If this happened this would represent a serious threat to Getty’s current dominance in the stock photography business.

5. Microsoft recently bought Vizrea, former Microsoft exec Mike Toutonghi’s photo sharing site. There was also recent talk based on a job posting that Microsoft was looking to hire an exec to run a team to create a photo/video sharing site to compete with Flickr. I’d guess that Mike and his team would go to work for the Flickr team or elsewhere within Microsoft if they didn’t want to work with photos anymore.

6. Microsoft could use the audience at Flickr, perhaps the largest audience of photo hobbyists in the world, to help promote it’s new JPEGXR or HD Photo format. By promoting this new format to the Flickr crowd, this would help spread the word about it’s potential and encourage greater adoption.

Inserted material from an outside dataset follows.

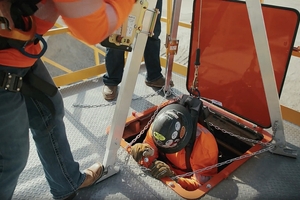 2 Confined space entry requires specific training since it is one of the most dangerous acti-vities in bulk handling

7. Microsoft could use Flickr’s library of images, perhaps the largest library or organized and categorized imagery in the world, to advance their research with their HD View research. HD View is emerging technology being worked on at Microsoft that allows impressive panoramas to be created by stitching photos together. By combining mapping and geotagging, Microsoft could look to create new ways for collaboration to take place by merging Flickr photos together. This technology is still a bit of a ways off, but controlling the largest library of organized, tagged, and especially geotagged imagery on the internet, Microsoft could potentially do some pretty interesting things with these photos.

Interestingly enough, Stanford Professor Marc Levoy showed Robert Scoble and I technology similar to this first hand when we visited him down at Stanford last fall.

25 Replies to “What a Microsoft Acquisition of Yahoo Would Mean For Photos”

  1. You must be psychic Thomas…

    But seriously:

    1) Are you going to work for Microsoft or something? What does this mean to the future of your Zooomr baby?

    2) I think the acquisition of Flickr would eventually be its demise, at least in the sense of it being (pretty much) an agnostic environment. Microsoft loves to kill any competition or possibility of integration in their quest for world domination by enforcing closed standards in its technology. Microsoft is already too big with too much under its control. I believe without any real competition in that space the inertia created by a Microsoft acquisition would pretty much kill the Flickr draw for people like myself. Any time you bind a service to a particular operating system model (even in a tangential way) it seems to be a recipe for lameness.

    You think Flickr censorship is bad now, just wait until Microsoft gets a hold of it. Maybe this could be just what Zooomr needs. Remember Microsoft LOVES the Chinese government and doesn’t exactly hold the principles of freedom of speech and human rights in high regard. Just GOOGLE “Microsoft censorship” and you’ll see what I mean.

    Don’t let the fun toys they build blind you to the bigger strategic dangers they present to a free thriving internet. As I type this on Windows Vista I only wish there were more competition in the OS space, with more interoperability, without having to revert to Apple or Linux.

  2. This might also be part of the reason why Apple TV Take 2 is delayed by 2 weeks. Not sure if Apple wants to be writing a check to MS each month…

  3. Though I wouldn’t consider myself ‘anti-microsoft,’ ever since I started using a mac last year, I realized I would probably never use a microsoft product again, except browser testing in IE via parallels.To me, apple just does it better… so when I heard this news this morning, I immediately got worried about flickr as its really the only yahoo product I use.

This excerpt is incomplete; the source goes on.